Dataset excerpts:
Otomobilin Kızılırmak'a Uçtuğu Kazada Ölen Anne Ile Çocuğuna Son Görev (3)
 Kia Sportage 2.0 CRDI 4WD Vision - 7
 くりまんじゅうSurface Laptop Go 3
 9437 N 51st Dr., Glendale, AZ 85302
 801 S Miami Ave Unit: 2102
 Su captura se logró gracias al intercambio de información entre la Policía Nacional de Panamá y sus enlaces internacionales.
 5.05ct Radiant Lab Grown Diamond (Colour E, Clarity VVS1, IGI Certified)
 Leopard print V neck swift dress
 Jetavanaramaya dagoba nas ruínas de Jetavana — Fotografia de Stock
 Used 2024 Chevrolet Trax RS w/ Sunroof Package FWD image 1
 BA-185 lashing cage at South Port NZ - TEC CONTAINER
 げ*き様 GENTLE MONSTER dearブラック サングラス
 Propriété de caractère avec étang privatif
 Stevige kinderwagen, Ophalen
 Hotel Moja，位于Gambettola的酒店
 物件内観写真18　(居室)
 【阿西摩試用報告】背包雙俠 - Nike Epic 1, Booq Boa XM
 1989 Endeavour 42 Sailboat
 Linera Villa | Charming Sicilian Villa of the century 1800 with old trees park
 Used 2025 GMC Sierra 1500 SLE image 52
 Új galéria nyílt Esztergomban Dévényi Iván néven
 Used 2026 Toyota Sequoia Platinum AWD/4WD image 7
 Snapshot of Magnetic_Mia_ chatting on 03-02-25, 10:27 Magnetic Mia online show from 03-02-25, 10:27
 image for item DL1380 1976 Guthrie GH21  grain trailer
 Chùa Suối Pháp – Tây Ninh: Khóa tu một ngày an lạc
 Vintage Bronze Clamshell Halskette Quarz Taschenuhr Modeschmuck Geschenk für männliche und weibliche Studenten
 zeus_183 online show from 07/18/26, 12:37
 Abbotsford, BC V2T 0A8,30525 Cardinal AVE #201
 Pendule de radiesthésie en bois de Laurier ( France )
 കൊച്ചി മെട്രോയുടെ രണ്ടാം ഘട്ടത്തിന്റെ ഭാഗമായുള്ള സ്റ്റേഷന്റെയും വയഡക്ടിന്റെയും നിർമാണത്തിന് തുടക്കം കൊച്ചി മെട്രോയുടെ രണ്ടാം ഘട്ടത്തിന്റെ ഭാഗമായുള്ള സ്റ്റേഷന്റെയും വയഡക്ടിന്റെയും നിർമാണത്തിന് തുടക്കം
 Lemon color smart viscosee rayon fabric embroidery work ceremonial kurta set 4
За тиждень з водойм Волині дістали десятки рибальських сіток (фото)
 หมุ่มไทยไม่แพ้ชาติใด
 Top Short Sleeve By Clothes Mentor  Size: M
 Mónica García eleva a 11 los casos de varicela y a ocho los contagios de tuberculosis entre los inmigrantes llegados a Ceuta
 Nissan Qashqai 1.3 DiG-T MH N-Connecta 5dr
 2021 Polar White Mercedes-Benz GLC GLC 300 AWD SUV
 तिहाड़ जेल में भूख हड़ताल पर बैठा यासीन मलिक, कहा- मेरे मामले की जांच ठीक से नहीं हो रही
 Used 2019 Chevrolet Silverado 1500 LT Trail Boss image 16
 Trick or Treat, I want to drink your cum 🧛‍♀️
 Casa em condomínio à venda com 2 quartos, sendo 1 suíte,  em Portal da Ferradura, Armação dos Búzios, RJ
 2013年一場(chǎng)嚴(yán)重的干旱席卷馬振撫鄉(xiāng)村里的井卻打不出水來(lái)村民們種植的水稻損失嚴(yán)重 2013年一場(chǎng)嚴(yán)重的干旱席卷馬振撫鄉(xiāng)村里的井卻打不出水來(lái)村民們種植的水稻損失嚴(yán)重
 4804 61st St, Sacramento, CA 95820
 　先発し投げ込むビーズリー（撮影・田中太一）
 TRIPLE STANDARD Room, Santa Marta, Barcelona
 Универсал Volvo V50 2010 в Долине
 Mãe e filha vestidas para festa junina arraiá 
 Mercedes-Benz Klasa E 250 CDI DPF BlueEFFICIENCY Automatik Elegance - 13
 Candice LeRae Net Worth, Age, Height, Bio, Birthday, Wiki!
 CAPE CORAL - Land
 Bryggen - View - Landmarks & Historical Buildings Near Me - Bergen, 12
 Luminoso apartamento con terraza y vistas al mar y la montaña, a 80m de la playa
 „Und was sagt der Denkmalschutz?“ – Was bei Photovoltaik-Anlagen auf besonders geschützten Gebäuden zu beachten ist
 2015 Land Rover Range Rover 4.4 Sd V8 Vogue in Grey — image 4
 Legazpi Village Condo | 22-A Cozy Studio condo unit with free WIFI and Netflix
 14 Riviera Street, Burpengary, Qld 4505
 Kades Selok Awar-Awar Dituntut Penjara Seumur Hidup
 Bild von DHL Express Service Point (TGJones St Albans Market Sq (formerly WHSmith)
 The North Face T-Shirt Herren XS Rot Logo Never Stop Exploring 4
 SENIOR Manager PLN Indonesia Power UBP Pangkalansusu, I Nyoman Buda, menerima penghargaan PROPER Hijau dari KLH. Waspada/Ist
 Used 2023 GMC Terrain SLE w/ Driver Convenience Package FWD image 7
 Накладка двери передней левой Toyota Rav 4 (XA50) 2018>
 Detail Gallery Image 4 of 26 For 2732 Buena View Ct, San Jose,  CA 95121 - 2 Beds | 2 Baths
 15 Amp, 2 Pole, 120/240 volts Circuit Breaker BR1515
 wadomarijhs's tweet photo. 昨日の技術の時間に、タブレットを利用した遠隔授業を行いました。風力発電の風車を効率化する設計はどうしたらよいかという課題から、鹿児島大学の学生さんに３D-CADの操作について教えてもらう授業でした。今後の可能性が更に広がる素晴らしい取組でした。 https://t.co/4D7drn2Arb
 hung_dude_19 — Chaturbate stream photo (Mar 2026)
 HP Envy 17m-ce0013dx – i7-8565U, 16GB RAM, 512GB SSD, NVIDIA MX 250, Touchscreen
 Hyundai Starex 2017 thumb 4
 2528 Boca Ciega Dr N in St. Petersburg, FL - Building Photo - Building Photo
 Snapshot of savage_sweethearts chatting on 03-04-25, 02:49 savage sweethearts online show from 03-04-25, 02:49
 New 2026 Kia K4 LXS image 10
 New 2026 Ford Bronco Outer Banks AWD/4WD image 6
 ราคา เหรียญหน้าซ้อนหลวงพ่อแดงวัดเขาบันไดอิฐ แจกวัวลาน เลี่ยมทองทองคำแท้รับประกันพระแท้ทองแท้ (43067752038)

YOUR OBJECTIVE:
Every line above holding the string "Snapshot" should be listed.

RESULT BELOW:
 Snapshot of Magnetic_Mia_ chatting on 03-02-25, 10:27 Magnetic Mia online show from 03-02-25, 10:27
 Snapshot of savage_sweethearts chatting on 03-04-25, 02:49 savage sweethearts online show from 03-04-25, 02:49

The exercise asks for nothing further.